• **Exercise objective**
Look through the listing below for the line with "YouTube and Google: Remove" and the line with "Tommee Tippee Natural". Copy both, along with every line between them, exactly and with no pictures.

• **Data listing**
+===+
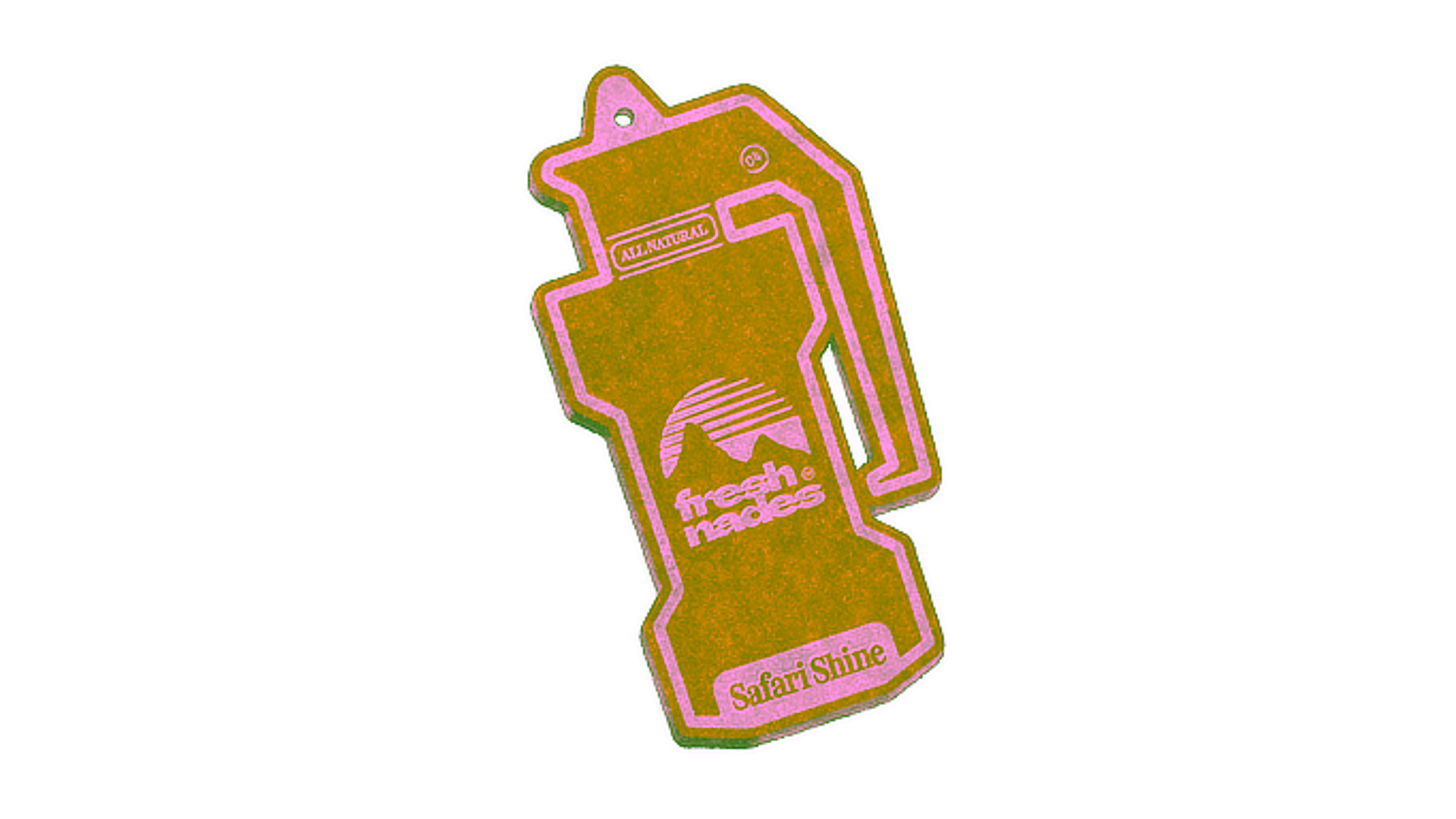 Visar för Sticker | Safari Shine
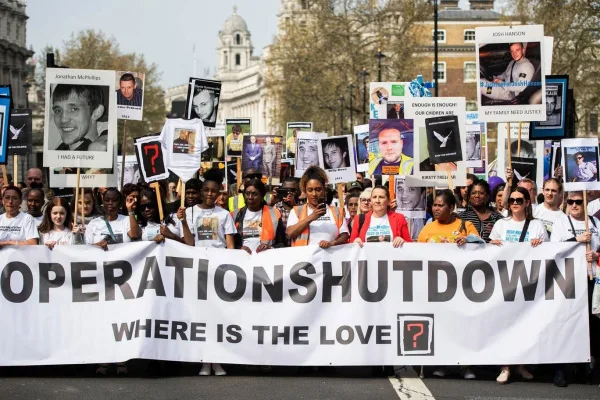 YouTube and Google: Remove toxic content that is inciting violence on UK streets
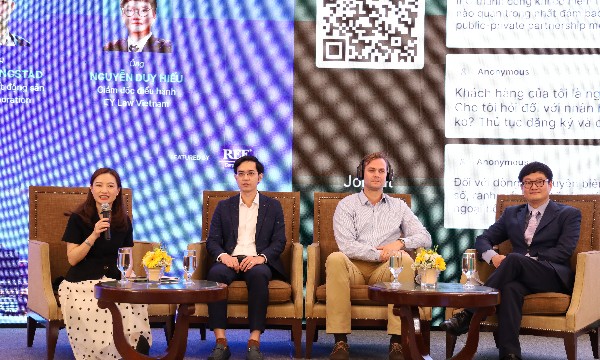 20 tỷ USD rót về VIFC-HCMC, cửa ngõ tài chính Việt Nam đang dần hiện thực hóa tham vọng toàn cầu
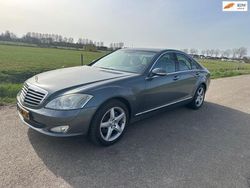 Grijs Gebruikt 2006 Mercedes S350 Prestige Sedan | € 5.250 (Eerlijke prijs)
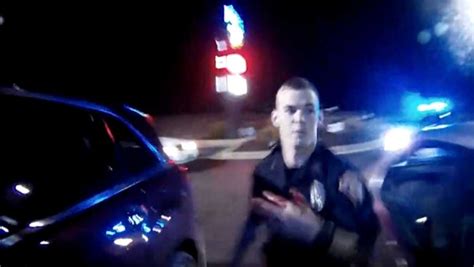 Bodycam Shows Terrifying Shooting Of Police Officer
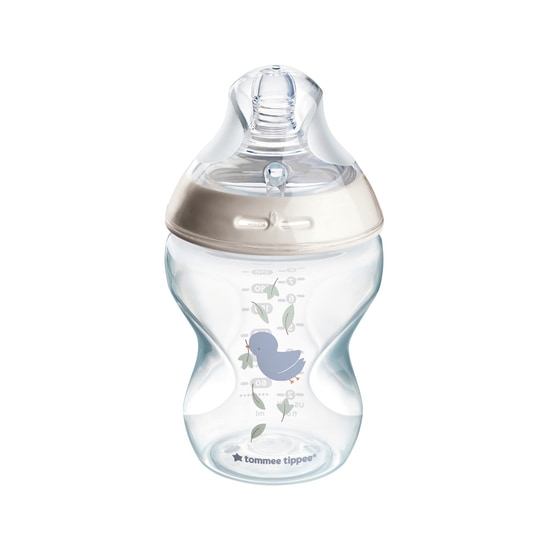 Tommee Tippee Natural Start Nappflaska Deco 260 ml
+===+
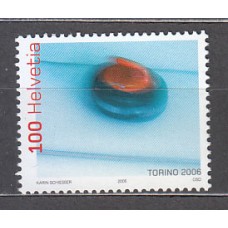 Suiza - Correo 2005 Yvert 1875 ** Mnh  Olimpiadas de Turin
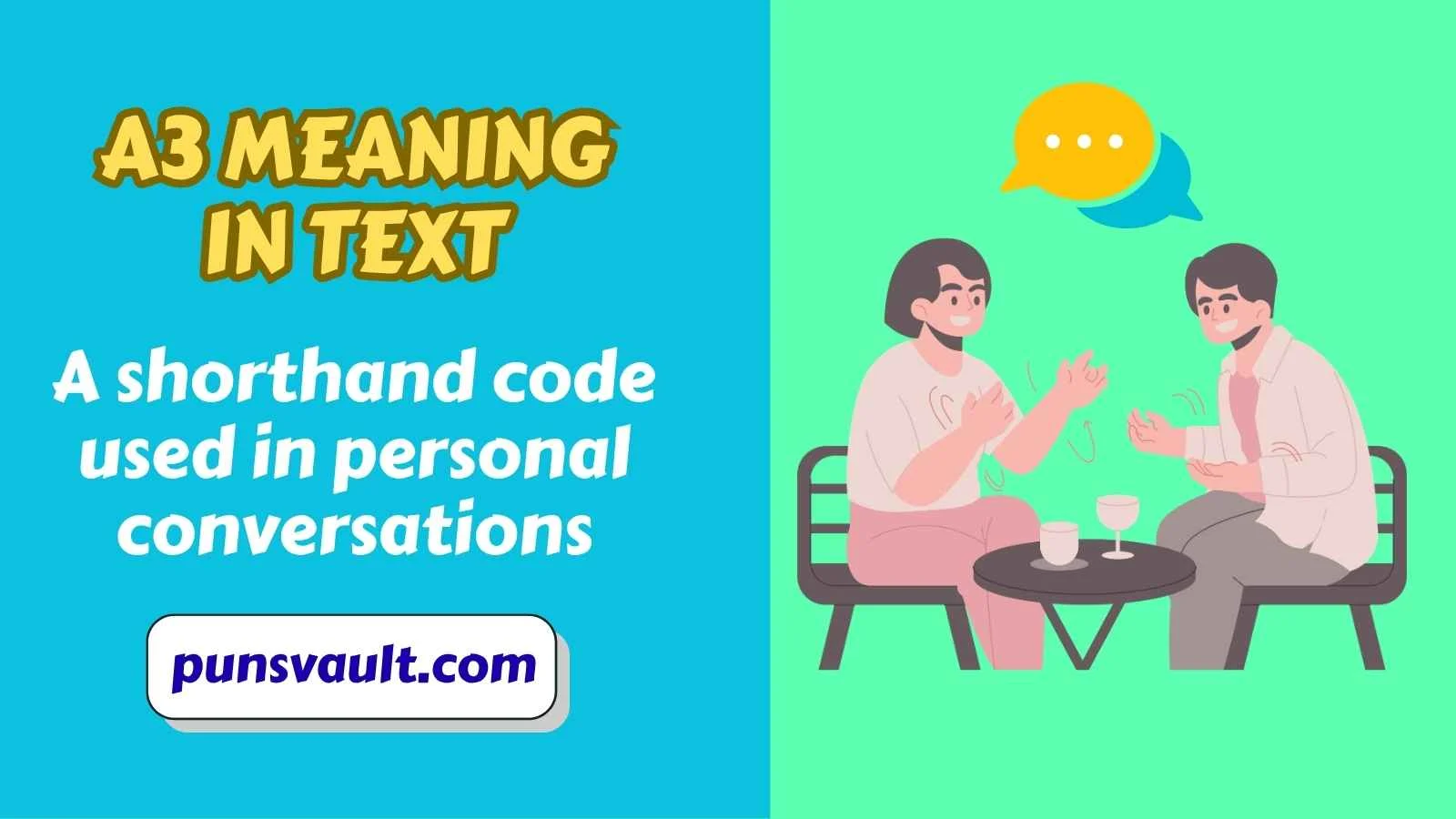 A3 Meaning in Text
+===+
• **Written solution**
 YouTube and Google: Remove toxic content that is inciting violence on UK streets
 20 tỷ USD rót về VIFC-HCMC, cửa ngõ tài chính Việt Nam đang dần hiện thực hóa tham vọng toàn cầu
 Grijs Gebruikt 2006 Mercedes S350 Prestige Sedan | € 5.250 (Eerlijke prijs)
 Bodycam Shows Terrifying Shooting Of Police Officer
 Tommee Tippee Natural Start Nappflaska Deco 260 ml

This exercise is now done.